Monday, October 6, 2008

King Of The Park

Last night's King Of The Hill was a pretty funny episode. Titled "Earthly Girls Are Easy", it mocked the environmentalist delusion that purchasing "carbon offsets" can compensate for rampant pollution.

For the blissfully unaware, "carbon offsets" are the Indulgences of the tree-hugger faith. (Incidentally, I'm disappointed that I'm not the first person to make that comparison, although I wrote the previous sentence before seeing the page I just linked to.) The idea is that as long as you pay a tax, presumably to be used toward good works, then your personal transgressions can be overlooked.

In practice, this means that as long as you bribe people in developing nations to stay agrarian (and starving), you don't have to forgo trips on your personal jet. As one might imagine, this "fine for me but not for thee, but here's some gold" approach is very popular among the hypocritical, selfish wealthy.

I enjoyed the episode, but something about it seemed a bit...off. Toward the end, as Hank tried in vain to explain to a crowd of nitwits why offsets don't work, it struck me: this wasn't an episode of King Of The Hill.
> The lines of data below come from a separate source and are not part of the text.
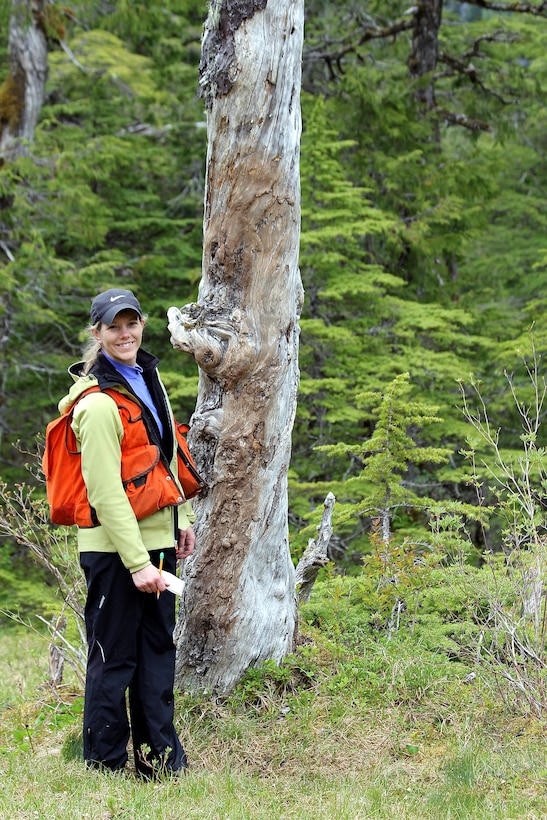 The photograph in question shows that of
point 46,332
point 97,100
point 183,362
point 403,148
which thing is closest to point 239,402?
point 183,362

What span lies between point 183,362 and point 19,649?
16.7ft

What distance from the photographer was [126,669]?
385cm

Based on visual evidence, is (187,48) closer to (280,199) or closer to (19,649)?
(19,649)

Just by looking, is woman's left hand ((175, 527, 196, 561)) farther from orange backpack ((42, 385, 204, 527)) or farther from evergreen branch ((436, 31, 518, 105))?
evergreen branch ((436, 31, 518, 105))

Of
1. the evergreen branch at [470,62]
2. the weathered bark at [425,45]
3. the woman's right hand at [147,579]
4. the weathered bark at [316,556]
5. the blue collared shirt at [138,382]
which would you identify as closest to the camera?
the woman's right hand at [147,579]

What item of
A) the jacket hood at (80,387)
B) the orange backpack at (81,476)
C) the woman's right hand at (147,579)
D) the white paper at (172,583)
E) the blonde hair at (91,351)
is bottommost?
the white paper at (172,583)

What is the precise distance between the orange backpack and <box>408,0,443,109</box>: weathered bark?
10157 millimetres

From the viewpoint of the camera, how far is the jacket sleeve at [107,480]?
11.7ft

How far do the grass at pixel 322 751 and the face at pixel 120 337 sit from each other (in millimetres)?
1838

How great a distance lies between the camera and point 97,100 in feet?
49.4

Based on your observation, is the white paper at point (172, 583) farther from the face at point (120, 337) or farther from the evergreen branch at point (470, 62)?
the evergreen branch at point (470, 62)

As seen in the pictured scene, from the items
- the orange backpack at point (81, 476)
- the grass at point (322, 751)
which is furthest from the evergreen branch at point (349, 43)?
the orange backpack at point (81, 476)

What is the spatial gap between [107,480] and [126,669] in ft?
2.98

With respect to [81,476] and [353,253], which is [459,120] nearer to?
[353,253] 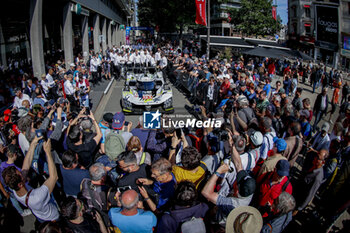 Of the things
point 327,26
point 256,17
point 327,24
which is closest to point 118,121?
point 256,17

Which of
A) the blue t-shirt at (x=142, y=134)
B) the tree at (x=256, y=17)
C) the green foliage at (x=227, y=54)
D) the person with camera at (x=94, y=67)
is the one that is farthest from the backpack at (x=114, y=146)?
the tree at (x=256, y=17)

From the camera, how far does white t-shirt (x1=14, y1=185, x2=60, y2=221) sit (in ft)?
10.2

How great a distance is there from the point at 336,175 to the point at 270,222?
199cm

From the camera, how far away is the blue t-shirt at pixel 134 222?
2.80 meters

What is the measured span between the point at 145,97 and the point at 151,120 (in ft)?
17.0

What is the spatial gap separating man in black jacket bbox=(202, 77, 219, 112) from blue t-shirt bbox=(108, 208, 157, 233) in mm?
7454

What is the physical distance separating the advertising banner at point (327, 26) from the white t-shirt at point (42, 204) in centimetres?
3746

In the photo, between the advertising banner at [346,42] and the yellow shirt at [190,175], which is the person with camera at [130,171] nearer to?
the yellow shirt at [190,175]

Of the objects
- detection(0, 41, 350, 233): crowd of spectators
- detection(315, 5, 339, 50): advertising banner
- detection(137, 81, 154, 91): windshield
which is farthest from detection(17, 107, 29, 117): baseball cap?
detection(315, 5, 339, 50): advertising banner

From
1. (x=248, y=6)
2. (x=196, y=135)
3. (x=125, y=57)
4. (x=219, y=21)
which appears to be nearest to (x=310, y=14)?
(x=248, y=6)

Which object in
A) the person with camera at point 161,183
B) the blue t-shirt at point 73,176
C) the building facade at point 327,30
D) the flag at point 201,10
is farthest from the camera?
the building facade at point 327,30

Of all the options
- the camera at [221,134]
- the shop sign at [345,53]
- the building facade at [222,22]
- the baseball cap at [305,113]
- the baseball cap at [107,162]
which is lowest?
the baseball cap at [107,162]

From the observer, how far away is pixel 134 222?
111 inches

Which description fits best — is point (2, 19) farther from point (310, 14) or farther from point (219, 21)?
point (219, 21)
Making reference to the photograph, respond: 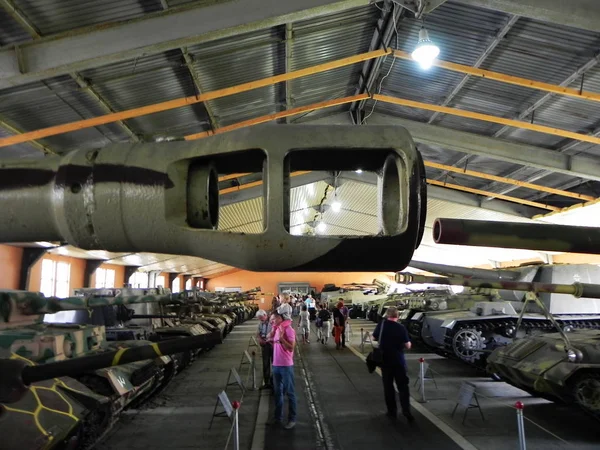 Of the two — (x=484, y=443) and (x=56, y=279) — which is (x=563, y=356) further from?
(x=56, y=279)

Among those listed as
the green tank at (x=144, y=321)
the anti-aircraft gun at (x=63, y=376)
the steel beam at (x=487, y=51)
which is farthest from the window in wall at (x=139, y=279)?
the anti-aircraft gun at (x=63, y=376)

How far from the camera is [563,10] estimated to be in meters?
7.82

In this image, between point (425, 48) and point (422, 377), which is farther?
point (422, 377)

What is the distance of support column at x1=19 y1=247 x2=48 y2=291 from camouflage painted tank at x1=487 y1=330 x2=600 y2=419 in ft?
52.8

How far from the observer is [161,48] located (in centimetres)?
793

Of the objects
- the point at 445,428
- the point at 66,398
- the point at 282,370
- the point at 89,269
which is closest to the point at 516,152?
the point at 445,428

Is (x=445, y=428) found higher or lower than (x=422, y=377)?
lower

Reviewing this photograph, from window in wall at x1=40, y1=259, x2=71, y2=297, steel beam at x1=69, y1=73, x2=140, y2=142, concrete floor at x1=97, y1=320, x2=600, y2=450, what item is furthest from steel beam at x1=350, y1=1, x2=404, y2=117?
window in wall at x1=40, y1=259, x2=71, y2=297

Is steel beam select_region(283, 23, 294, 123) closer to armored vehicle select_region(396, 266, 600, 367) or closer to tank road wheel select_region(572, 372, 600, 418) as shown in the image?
armored vehicle select_region(396, 266, 600, 367)

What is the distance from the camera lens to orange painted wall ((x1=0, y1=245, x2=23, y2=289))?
679 inches

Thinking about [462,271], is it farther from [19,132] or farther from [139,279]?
[139,279]

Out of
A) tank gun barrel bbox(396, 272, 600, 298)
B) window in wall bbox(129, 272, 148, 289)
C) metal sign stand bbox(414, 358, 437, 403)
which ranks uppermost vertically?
window in wall bbox(129, 272, 148, 289)

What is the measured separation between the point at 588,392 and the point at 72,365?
759cm

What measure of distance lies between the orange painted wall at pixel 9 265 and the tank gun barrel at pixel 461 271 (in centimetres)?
1500
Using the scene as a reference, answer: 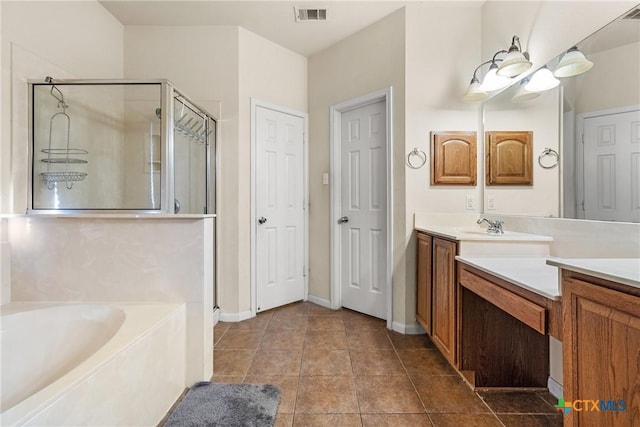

It was an episode of South Park.

Mocking superficial celebrity trends, showing a protagonist trying in vain to explain the problem to dolts who couldn't care less - this is Parker and Stone's stock-in-trade. Hank Hill might as well have been Stan Marsh up on that stage.

Last night's Family Guy rang a little familiar, too. Jesus was established as a "regular guy" character, eventually having fame go to His head. At least He wasn't hosting a community access cable show.

Other cartoon producers seem to have a problem on their hands when they try to engage in social commentary. No matter what they try, South Park Already Did It.

And so we come full circle. I'm pretty sure this means Parker and Stone get the last laugh.